Top official urges SA to intensify pressure on Israel
FOREIGN diplomats based in South Africa and civil society organisations came together at the Department of International Relations and Trade yesterday to commemorate the UN International Day of Solidarity with the Palestinian people.
The keynote speaker was Nabil Shaath, the adviser to Palestinian President Mahmoud Abbas, who previously held various cabinet posts, including the first foreign minister of the Palestinian Authority, and acting prime minister.
Shaath met with President Jacob Zuma on Monday night. He told the audience at the department: “President Zuma told me that South Africa won’t compromise on Palestinian rights…”.
Shaath claims the current peace process has not met with spectacular success, and that his people are still not free while living under occupation.
“The starting point is to draw the border along the 1967 lines, to where Israel must withdraw,” Shaath said. He lamented the fact that the movement of Palestinians continues to be regulated and restricted, and that they are deprived of water resources.
“The Israelis have taken 93% of the water of the West Bank and given it to 600 000 illegal settlers.
“Only 7% of the water has been allocated for 5 million Palestinians,” he said.
On the issue of the Boycott, Divestment and Sanctions Campaign (BDS) Shaath said: “While the Palestinian government does not speak for BDS, the movement does put pressure to get Israel to end its colonial settlement project.
“This type of pressure is what helped to end the apartheid regime in South Africa,” he pointed out.
“The objective is to make the occupation costly for Israel, so that it will abandon the occupation and go to negotiations in a non-violent way,” Shaath told the gathering.
Ben Swartz, the head of the South African Zionist Federation has responded to Shaath’s remarks on the BDS movement, saying: “Israel has shown the world time and again they are ready to negotiate.”

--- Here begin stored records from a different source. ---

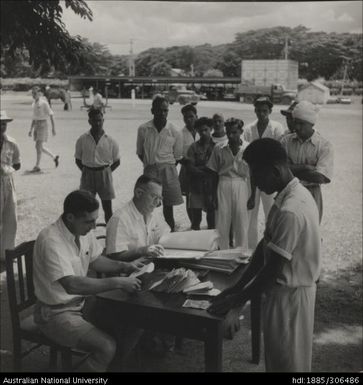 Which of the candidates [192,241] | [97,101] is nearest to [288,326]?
[192,241]

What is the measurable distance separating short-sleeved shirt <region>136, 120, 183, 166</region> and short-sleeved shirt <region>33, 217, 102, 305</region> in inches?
99.3

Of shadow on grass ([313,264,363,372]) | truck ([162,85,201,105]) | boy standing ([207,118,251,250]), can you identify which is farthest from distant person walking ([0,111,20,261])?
shadow on grass ([313,264,363,372])

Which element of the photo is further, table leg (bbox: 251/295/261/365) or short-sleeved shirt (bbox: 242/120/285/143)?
short-sleeved shirt (bbox: 242/120/285/143)

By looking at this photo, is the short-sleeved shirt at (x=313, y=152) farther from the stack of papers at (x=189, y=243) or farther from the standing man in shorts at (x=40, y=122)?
the standing man in shorts at (x=40, y=122)

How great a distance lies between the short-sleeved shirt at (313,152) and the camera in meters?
4.62

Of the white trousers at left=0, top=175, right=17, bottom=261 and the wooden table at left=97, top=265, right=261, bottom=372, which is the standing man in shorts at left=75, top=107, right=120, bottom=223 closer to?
the white trousers at left=0, top=175, right=17, bottom=261

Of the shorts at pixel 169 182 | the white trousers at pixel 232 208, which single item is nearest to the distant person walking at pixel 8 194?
the shorts at pixel 169 182

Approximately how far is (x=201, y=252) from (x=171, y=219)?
8.25 feet

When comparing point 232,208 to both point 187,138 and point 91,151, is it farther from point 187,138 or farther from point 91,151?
point 91,151

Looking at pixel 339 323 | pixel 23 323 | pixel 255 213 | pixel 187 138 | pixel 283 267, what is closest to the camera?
pixel 283 267

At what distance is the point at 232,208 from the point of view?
17.2ft

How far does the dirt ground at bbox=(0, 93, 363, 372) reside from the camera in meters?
3.66

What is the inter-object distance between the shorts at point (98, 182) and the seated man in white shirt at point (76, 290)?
1603mm

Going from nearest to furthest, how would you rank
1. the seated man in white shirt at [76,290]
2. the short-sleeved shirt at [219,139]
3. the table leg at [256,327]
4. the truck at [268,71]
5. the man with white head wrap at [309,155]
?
the seated man in white shirt at [76,290]
the table leg at [256,327]
the man with white head wrap at [309,155]
the truck at [268,71]
the short-sleeved shirt at [219,139] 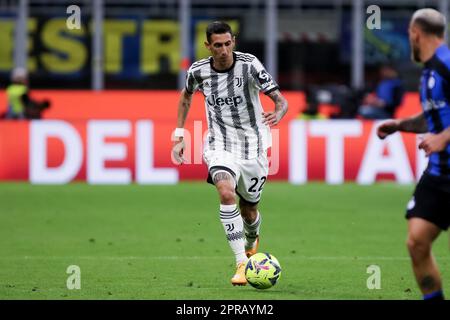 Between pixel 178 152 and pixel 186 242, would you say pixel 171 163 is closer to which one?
pixel 186 242

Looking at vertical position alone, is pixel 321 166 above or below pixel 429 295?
below

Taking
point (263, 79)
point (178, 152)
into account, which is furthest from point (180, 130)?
point (263, 79)

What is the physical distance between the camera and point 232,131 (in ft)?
35.3

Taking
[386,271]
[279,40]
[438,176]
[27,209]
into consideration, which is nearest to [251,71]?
[386,271]

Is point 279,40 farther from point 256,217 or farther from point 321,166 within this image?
point 256,217

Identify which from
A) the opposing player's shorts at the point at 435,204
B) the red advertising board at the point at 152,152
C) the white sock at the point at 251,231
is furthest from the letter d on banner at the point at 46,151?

“Sadly, the more pressure that is applied on Israel by external parties to the conflict – the less accommodating an Israeli government is likely to be.
“What would seem to be well intended by the ANC will simply contribute to a delay in the parties going to the negotiating table and prevent finding a fair solution to this very painful conflict,” Swartz added.

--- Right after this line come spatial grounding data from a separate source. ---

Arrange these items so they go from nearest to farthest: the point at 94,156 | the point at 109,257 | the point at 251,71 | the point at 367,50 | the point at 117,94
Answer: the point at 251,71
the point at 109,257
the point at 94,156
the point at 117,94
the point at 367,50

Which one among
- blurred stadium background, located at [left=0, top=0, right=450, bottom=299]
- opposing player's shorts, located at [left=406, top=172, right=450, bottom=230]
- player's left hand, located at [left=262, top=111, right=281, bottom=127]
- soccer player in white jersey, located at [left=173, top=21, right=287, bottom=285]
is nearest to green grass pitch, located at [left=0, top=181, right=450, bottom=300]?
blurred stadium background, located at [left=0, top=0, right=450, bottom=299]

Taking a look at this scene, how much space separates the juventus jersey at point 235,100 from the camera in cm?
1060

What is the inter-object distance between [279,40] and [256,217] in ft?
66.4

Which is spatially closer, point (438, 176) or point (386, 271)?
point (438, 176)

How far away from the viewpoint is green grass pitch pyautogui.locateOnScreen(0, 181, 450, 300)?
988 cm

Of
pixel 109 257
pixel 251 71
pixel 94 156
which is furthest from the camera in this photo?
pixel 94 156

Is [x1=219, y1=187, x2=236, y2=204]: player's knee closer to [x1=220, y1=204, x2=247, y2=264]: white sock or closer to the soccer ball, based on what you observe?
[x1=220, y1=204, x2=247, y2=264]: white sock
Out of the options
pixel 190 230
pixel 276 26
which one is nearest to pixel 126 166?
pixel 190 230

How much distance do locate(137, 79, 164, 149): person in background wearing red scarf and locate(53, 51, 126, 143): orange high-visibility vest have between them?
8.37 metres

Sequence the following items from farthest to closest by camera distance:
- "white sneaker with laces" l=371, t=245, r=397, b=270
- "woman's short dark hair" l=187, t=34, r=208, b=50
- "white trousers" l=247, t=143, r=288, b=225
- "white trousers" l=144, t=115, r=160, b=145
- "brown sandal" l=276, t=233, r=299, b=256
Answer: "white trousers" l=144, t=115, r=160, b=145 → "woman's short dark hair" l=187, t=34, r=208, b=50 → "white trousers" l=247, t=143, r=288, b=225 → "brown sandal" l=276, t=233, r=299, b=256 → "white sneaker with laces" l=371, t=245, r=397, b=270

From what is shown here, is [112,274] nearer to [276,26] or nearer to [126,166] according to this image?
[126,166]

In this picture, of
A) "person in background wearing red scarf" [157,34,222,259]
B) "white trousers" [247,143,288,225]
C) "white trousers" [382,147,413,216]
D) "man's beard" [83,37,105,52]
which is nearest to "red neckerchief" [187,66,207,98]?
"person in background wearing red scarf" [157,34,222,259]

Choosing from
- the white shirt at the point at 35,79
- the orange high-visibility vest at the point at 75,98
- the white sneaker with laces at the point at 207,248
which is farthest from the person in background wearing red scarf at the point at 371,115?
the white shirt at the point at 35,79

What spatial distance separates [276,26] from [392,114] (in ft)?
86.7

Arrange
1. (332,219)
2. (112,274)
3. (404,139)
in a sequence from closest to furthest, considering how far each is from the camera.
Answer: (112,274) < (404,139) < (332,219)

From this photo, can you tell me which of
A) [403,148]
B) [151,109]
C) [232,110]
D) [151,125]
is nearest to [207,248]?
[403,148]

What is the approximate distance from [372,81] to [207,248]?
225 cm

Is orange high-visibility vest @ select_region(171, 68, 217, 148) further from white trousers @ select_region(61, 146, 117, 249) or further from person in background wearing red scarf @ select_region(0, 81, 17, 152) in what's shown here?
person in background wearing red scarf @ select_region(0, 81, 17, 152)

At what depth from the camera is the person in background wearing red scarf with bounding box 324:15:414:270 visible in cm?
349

“Israel is the 3 700-year-old historical, biblical, cultural and legal homeland of the Jewish people. The only solution to the conflict is to ensure the negotiation of two states for two people (one for Jews and one for the Palestinians) living side by side in peace, dignity and security.”
Swartz said: “The only way to achieve that is through direct negotiations between the two peoples. BDS tactics simply push the two parties further apart.”
On the issue of downgrading the South African embassy in Tel Aviv, Shaath said: “We feel any step South Africa takes to give notice to Israel that South Africa is with the Palestinians and their rights, like downgrading the embassy in Tel Aviv, is a political statement and should be supported as such.”
Shaath noted that when Venezuela decided to break diplomatic relations with Israel, their representative office in Ramallah was not affected.
“Israel does not want a total disruption of relations with South Africa,” Shaath added.